A las ocho y cuarto, diez minutos después del incidente con
los ciclistas, pasó por allí, en la primera de las cuatro vueltas que daba en
su carrera por el río, Héctor Mendía, futuro ingeniero a falta del proyecto
final de carrera. Para tal proyecto había comenzado a desarrollar la idea de
acondicionar como paseo ese tramo del río, el que quedaba más al norte,
lindando con los límites de la ciudad y que estaba aún por urbanizar. Héctor
Mendía, en la semana que llevaba aquel verano bajando a correr al río había
estado almacenando ideas sobre cómo debería ser el itinerario, respetando en
algunos puntos la enmarañada vegetación, con acondicionamiento de las caminos
mediante adoquinado y alumbrado hasta la vieja presa dos kilómetros aguas
arriba, plantando una fila de palmeras para dar sombra y paneles explicativos
de la vegetación y la geología local: secas paredes verticales de hasta diez
metros de altura en algunos puntos, formadas por limos con algunos estratos de
gravas y arenas, sin duda pertenecientes a episodios más caudalosos del río.

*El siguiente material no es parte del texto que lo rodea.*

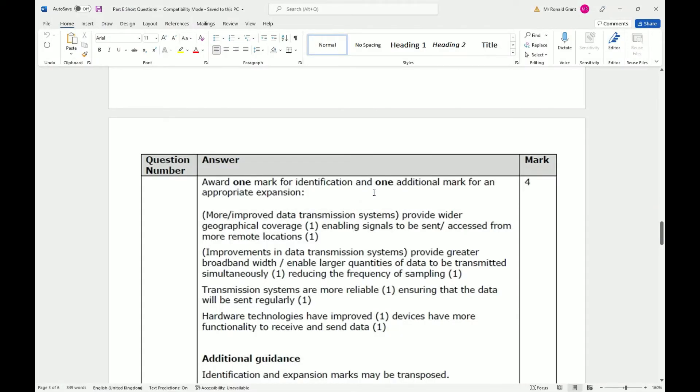Transmission systems are more reliable, ensuring the data will be sent regularly. That's very true as well. Things don't get dropped as much. When I was again a young person, I used to download things and just cross my fingers and hope for the best. But nowadays it's relatively reliable.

Éste era ahora una pequeña corriente mediterránea alimentada por depuradoras
municipales, pero que a lo largo de los siglos había ido configurando un
paisaje singular, hostil y bello en la falla por la que circulaba.
Héctor Mendía, igual que el resto de corredores, evitó pisar
la formación de hormigas. Y tuvo conciencia de que algo importante para ellas
estaba ocurriendo cuando veinte metros más allá volvió a encontrarse con la
compacta fila de insectos. Pasó tres veces más por allí, en las que tuvo
ocasión de hacer mentalmente un cálculo aproximado de la densidad de hormigas e
incluso del desastre que habían supuesto las dos bicicletas cuyas huellas
todavía eran visibles. Por unos minutos, más de los estrictamente necesarios
debido al cansancio y los múltiples estímulos externos que recibía durante la
carrera, estuvo entretenido realizando esos cálculos mentales. A las nueve
menos diez de la noche Héctor Mendía, intentando controlar sus pulsaciones,
volvía a casa camino de la ducha. No dio más importancia al fenómeno de las hormigas.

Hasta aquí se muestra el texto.